→ Information given
_ _ _

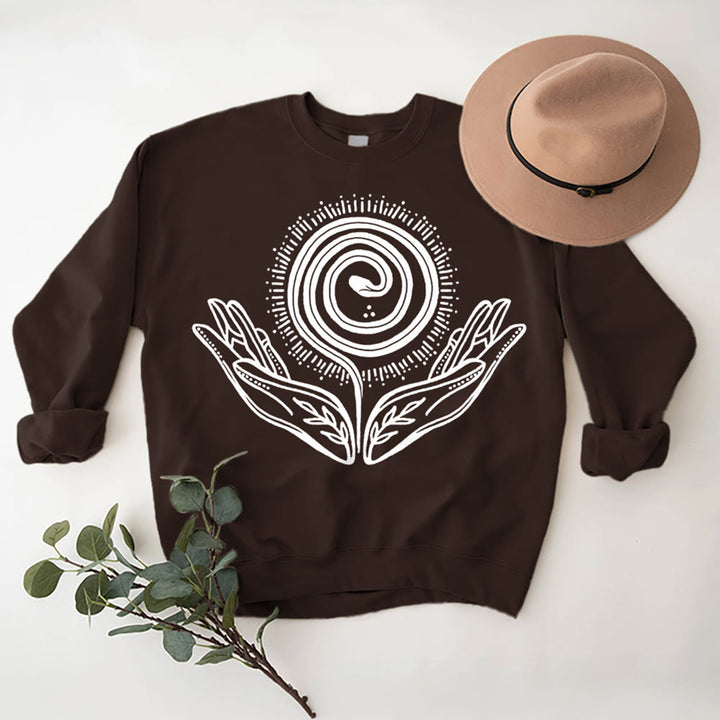 Olivenorma Spiritual Growth Spiral Tee Crewneck Long Sleeve Loose Sweatshirt - Brown - 2XL - image 9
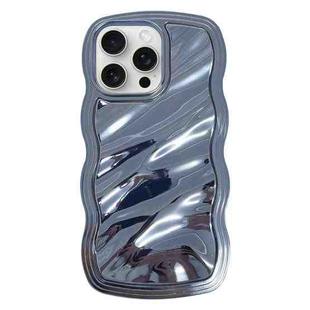 For iPhone 15 Pro Max Wave Plated PC Hybrid TPU Phone Case(Sierra Blue)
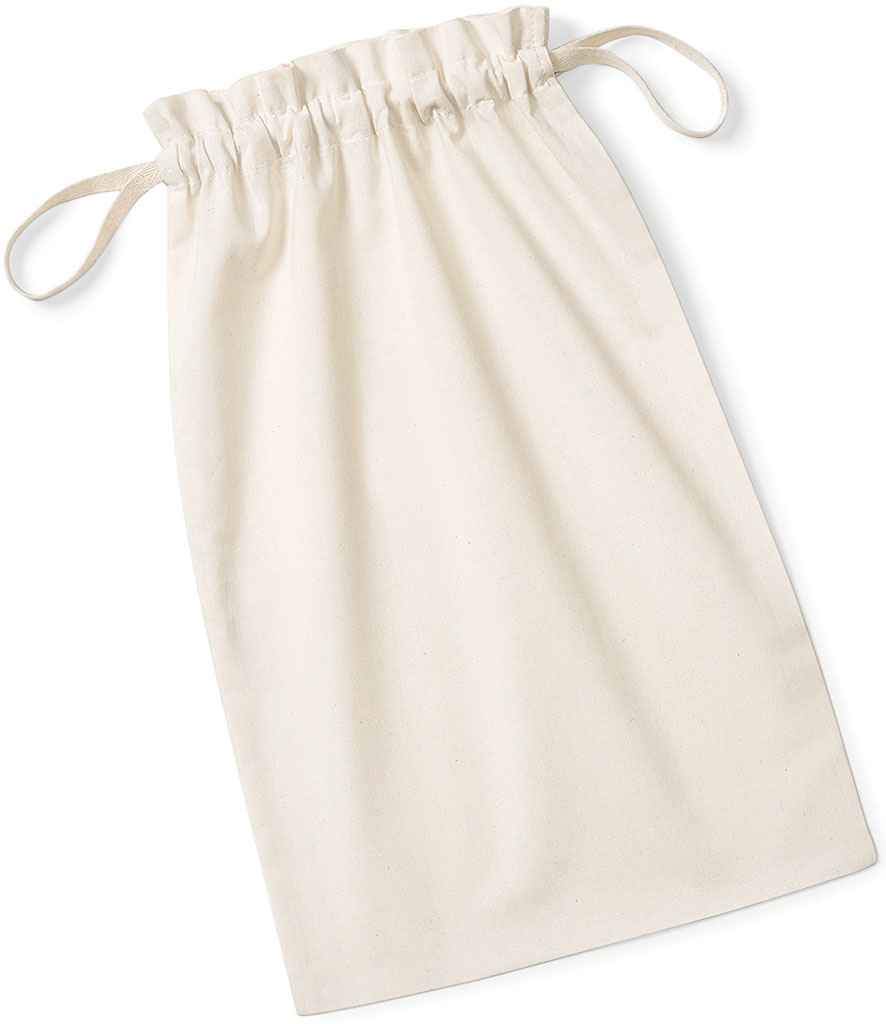 Westford Mill Organic Cotton Drawcord Bag in by Westford Mill — Custom branded clothing by Print Press, featuring premium embroidery produced in our specialist print lab in the UK.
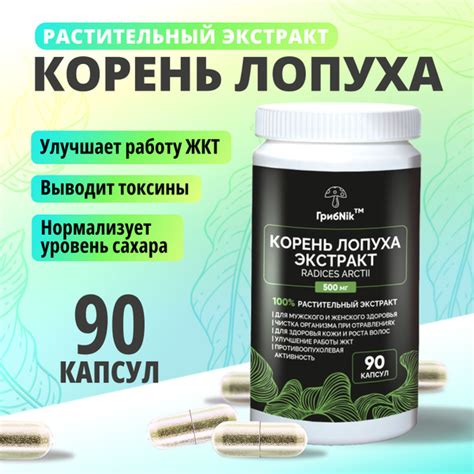 Корень лопуха экстракт в капсулах детокс 90 капсул 500 мг, ГрибNik ...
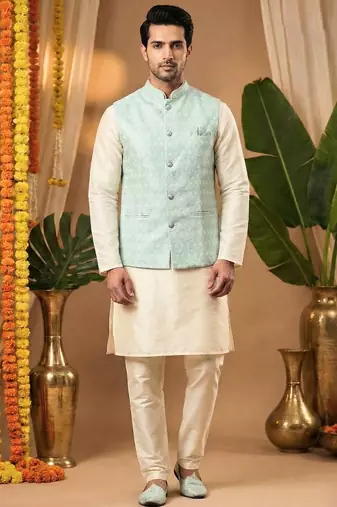 Men's dhupian silk cream kurta with mint heavy jacquard koti & silk pyjama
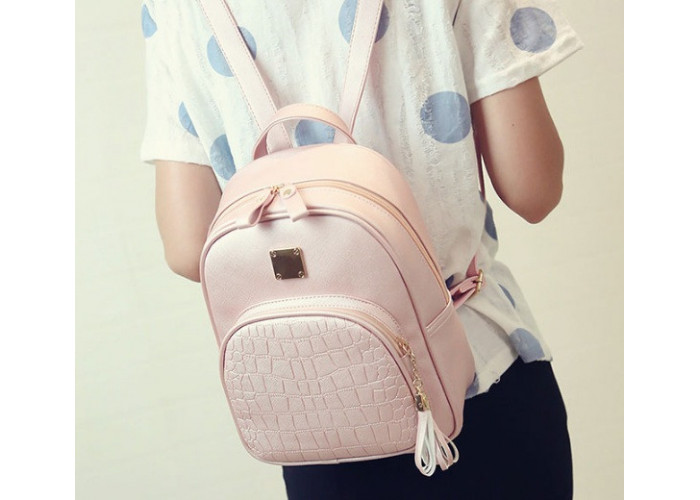 Кожаный женский рюкзак Экокожа Розовый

_ _ _

→ Exercise goal
The expected output is an exact copy of the lines from the top of the data above through the line containing "Корень лопуха экстракт", both included, with every picture omitted.

→ Exercise solution
 Olivenorma Spiritual Growth Spiral Tee Crewneck Long Sleeve Loose Sweatshirt - Brown - 2XL - image 9
 For iPhone 15 Pro Max Wave Plated PC Hybrid TPU Phone Case(Sierra Blue)
 Westford Mill Organic Cotton Drawcord Bag in by Westford Mill — Custom branded clothing by Print Press, featuring premium embroidery produced in our specialist print lab in the UK.
 Корень лопуха экстракт в капсулах детокс 90 капсул 500 мг, ГрибNik ...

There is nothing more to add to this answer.